• _Your assignment_
A faithful copy of every entry, with the pictures removed, is what is needed here.

Dataset entries:
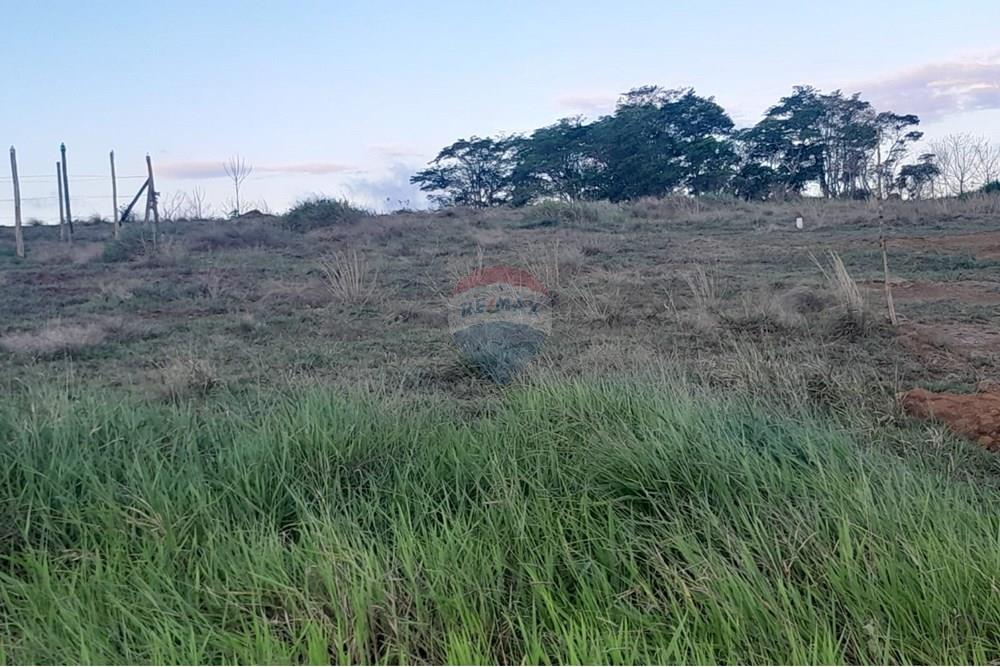 Terreno - Venda - Matias Barbosa , Minas Gerais - WhatsApp Image 2025-05-01 at 20.28.07.jpeg - Quarto de família - 860381043-64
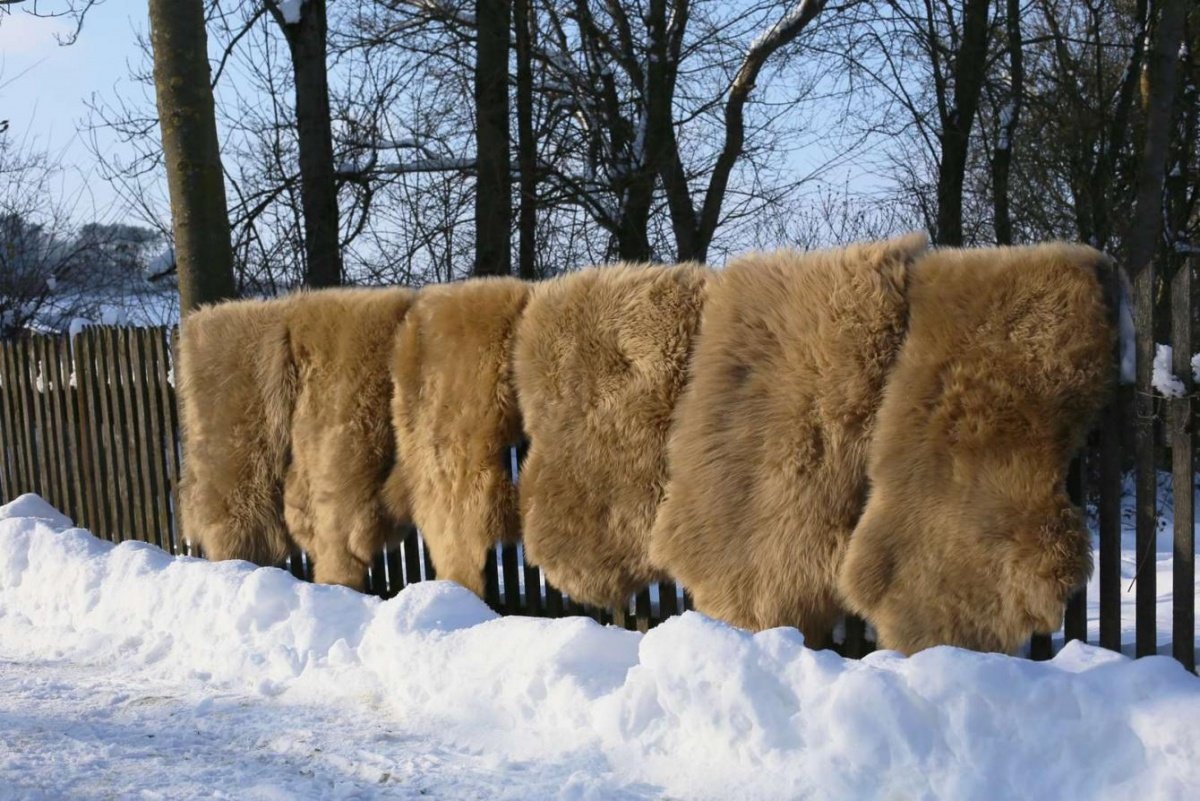 Echtes Lammfell Natur – Vanille/Merino, Ca. 90-100 Cm, Kuschelig Weich, ökologisch Gegerbt, Aus Bayern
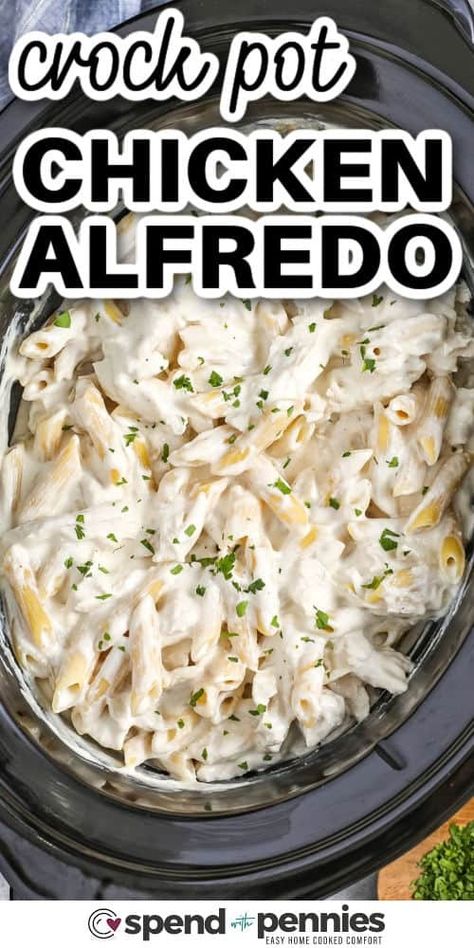 Treat your family to the creamy, comforting flavors of Crock Pot Chicken Alfredo! This easy recipe layers seasoned chicken, cream cheese, and Parmesan in your slow cooker, creating a rich sauce that perfectly coats tender pasta. It’s a simple, one-pot meal that saves you time and cleanup, so you can enjoy a delicious dinner without the stress. Serve it with garlic bread and a fresh salad for a complete meal! #spendwithpennies Chicken Alfredo Stuffed Shells Crockpot, Crockpot Recipes Chicken Alfredo Pasta, Crockpot Ideas With Chicken, Chicken Carbonara Pasta Crockpot, Croc Pot Chicken Alfredo, Chicken Alfredo Pie, Chicken Cream Cheese Pasta Crock Pot, Slow Cooker Alfredo Sauce, Crock Pot Chicken Alfredo Recipes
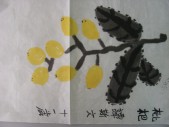 DSCN0475.JPG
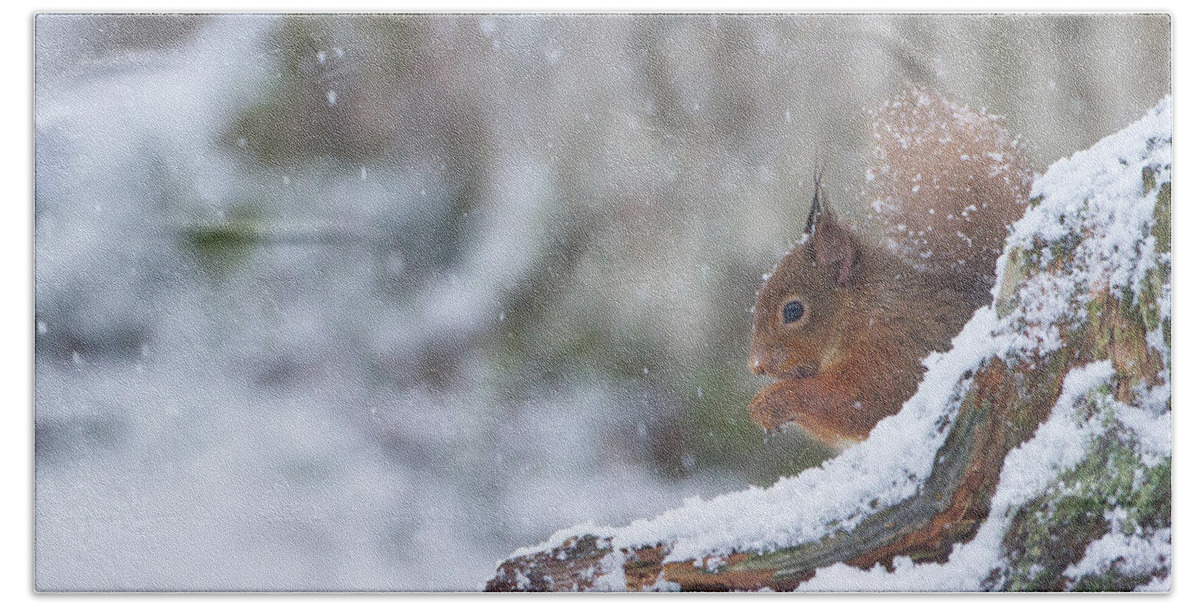 Red Beach Towel featuring the photograph Red Squirrel On Snowy Stump by Pete Walkden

• _Answer to the problem_
 Terreno - Venda - Matias Barbosa , Minas Gerais - WhatsApp Image 2025-05-01 at 20.28.07.jpeg - Quarto de família - 860381043-64
 Echtes Lammfell Natur – Vanille/Merino, Ca. 90-100 Cm, Kuschelig Weich, ökologisch Gegerbt, Aus Bayern
 Treat your family to the creamy, comforting flavors of Crock Pot Chicken Alfredo! This easy recipe layers seasoned chicken, cream cheese, and Parmesan in your slow cooker, creating a rich sauce that perfectly coats tender pasta. It’s a simple, one-pot meal that saves you time and cleanup, so you can enjoy a delicious dinner without the stress. Serve it with garlic bread and a fresh salad for a complete meal! #spendwithpennies Chicken Alfredo Stuffed Shells Crockpot, Crockpot Recipes Chicken Alfredo Pasta, Crockpot Ideas With Chicken, Chicken Carbonara Pasta Crockpot, Croc Pot Chicken Alfredo, Chicken Alfredo Pie, Chicken Cream Cheese Pasta Crock Pot, Slow Cooker Alfredo Sauce, Crock Pot Chicken Alfredo Recipes
 DSCN0475.JPG
 Red Beach Towel featuring the photograph Red Squirrel On Snowy Stump by Pete Walkden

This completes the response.